<<<<
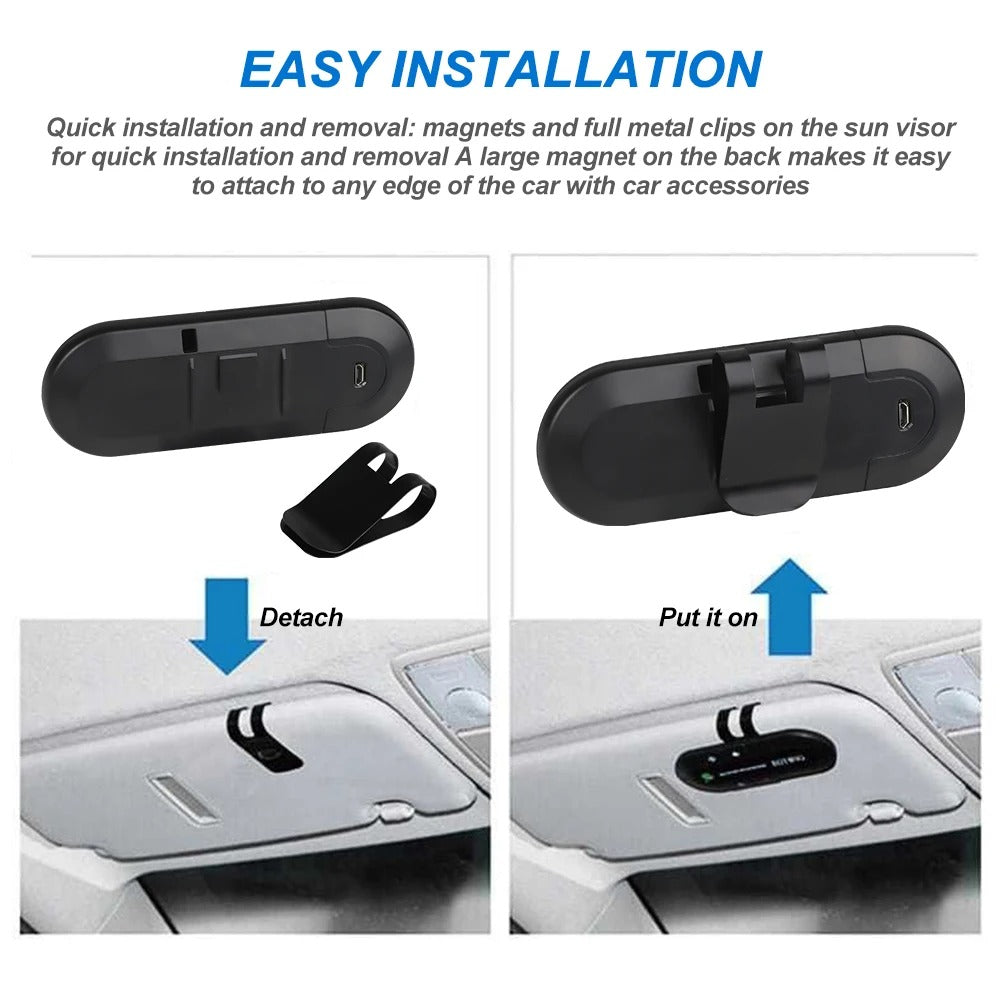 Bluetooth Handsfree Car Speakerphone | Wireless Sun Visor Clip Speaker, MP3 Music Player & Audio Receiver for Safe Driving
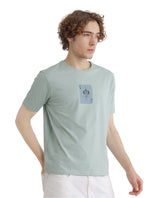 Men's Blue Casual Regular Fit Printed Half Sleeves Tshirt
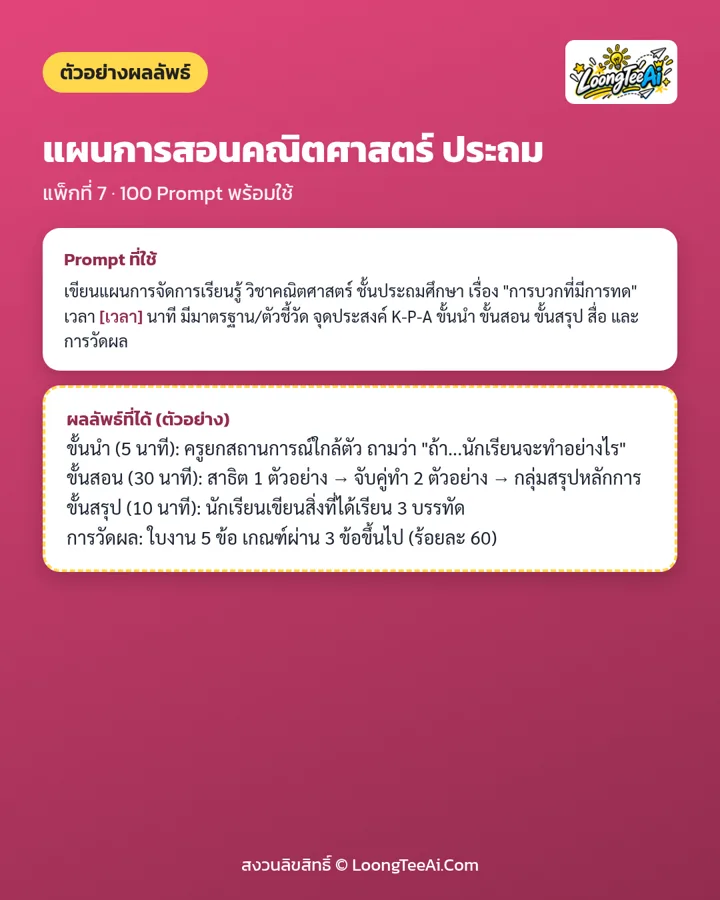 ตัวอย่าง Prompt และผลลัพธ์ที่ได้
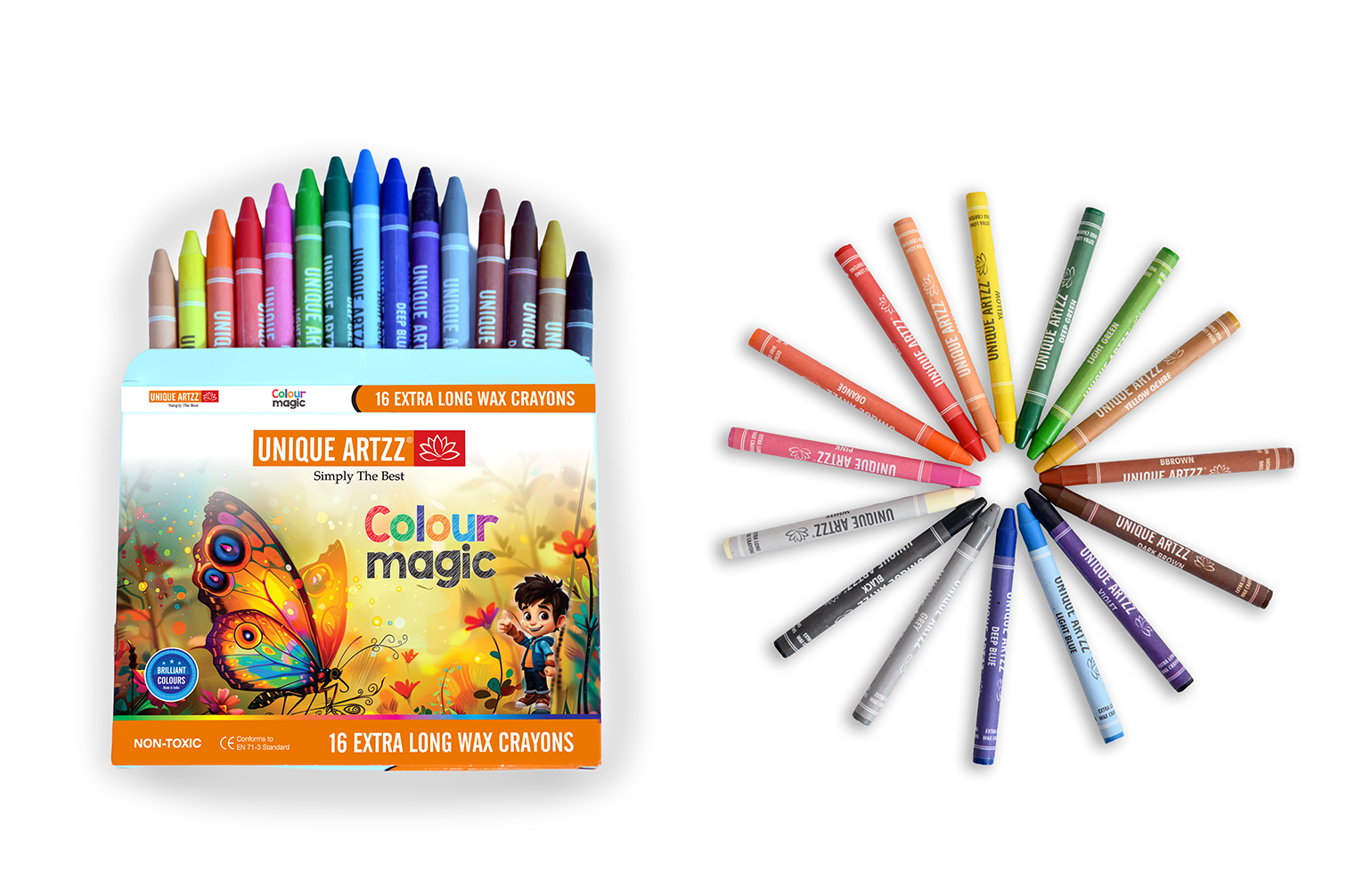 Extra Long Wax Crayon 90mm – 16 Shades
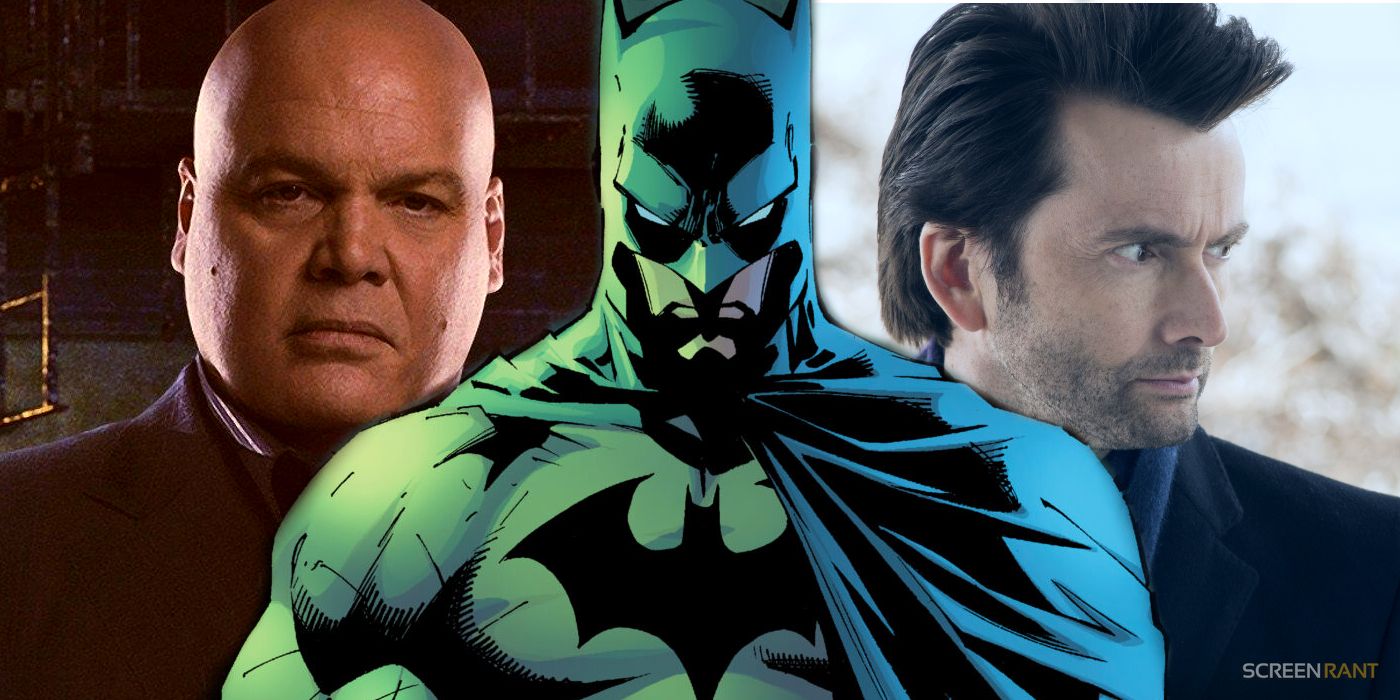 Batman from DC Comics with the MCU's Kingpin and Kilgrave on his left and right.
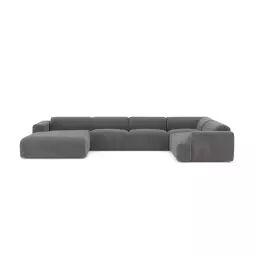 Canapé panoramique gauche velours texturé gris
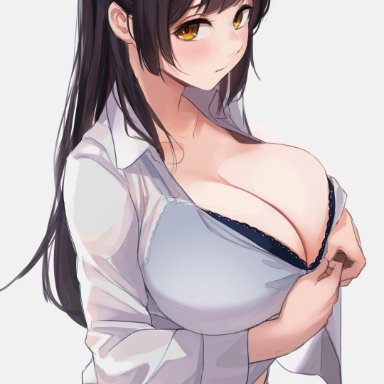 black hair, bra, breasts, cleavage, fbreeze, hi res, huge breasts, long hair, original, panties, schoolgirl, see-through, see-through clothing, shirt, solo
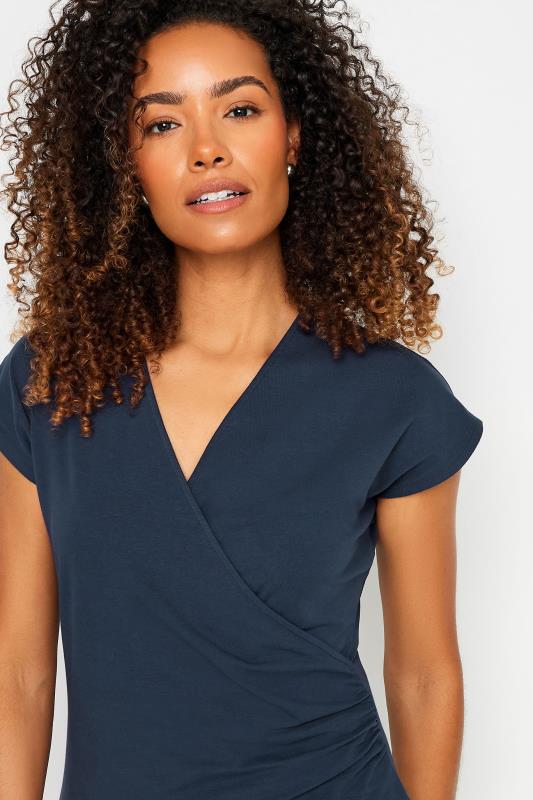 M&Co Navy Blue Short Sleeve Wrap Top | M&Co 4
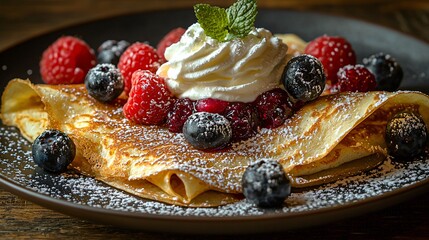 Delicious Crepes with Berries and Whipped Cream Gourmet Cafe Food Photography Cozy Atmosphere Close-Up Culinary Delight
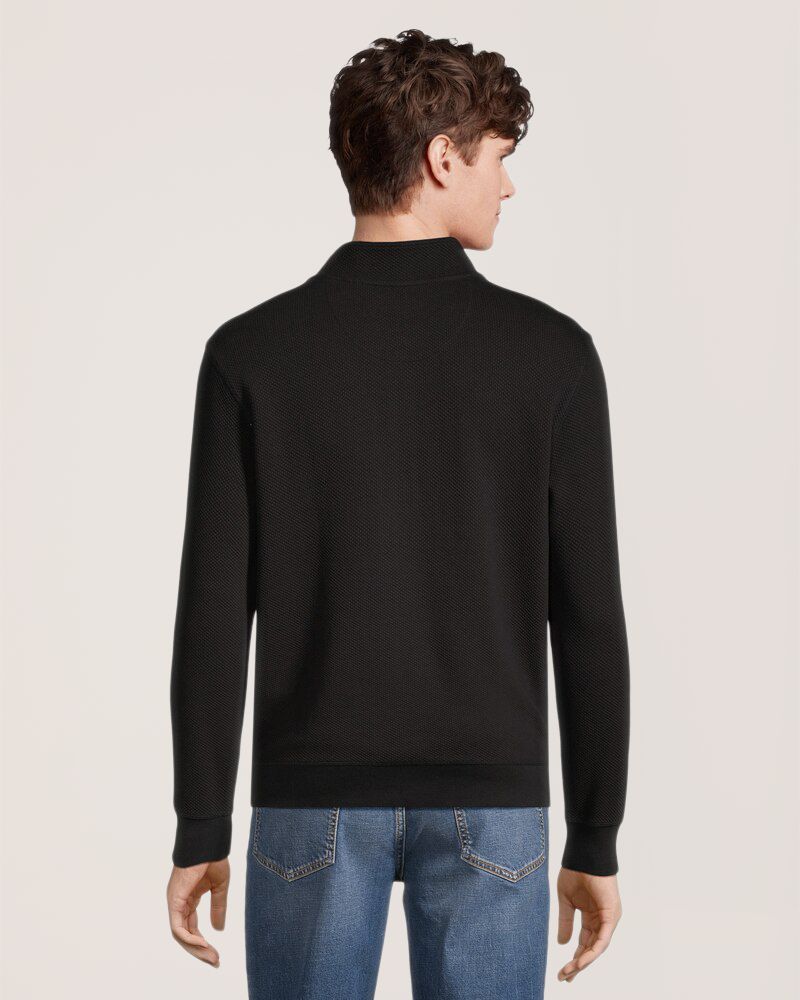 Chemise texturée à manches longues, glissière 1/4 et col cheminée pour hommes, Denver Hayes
>>>>
Repeat, exactly and in full, every entry in the data, but not the pictures.

**Answer**.
 Bluetooth Handsfree Car Speakerphone | Wireless Sun Visor Clip Speaker, MP3 Music Player & Audio Receiver for Safe Driving
 Men's Blue Casual Regular Fit Printed Half Sleeves Tshirt
 ตัวอย่าง Prompt และผลลัพธ์ที่ได้
 Extra Long Wax Crayon 90mm – 16 Shades
 Batman from DC Comics with the MCU's Kingpin and Kilgrave on his left and right.
 Canapé panoramique gauche velours texturé gris
 black hair, bra, breasts, cleavage, fbreeze, hi res, huge breasts, long hair, original, panties, schoolgirl, see-through, see-through clothing, shirt, solo
 M&Co Navy Blue Short Sleeve Wrap Top | M&Co 4
 Delicious Crepes with Berries and Whipped Cream Gourmet Cafe Food Photography Cozy Atmosphere Close-Up Culinary Delight
 Chemise texturée à manches longues, glissière 1/4 et col cheminée pour hommes, Denver Hayes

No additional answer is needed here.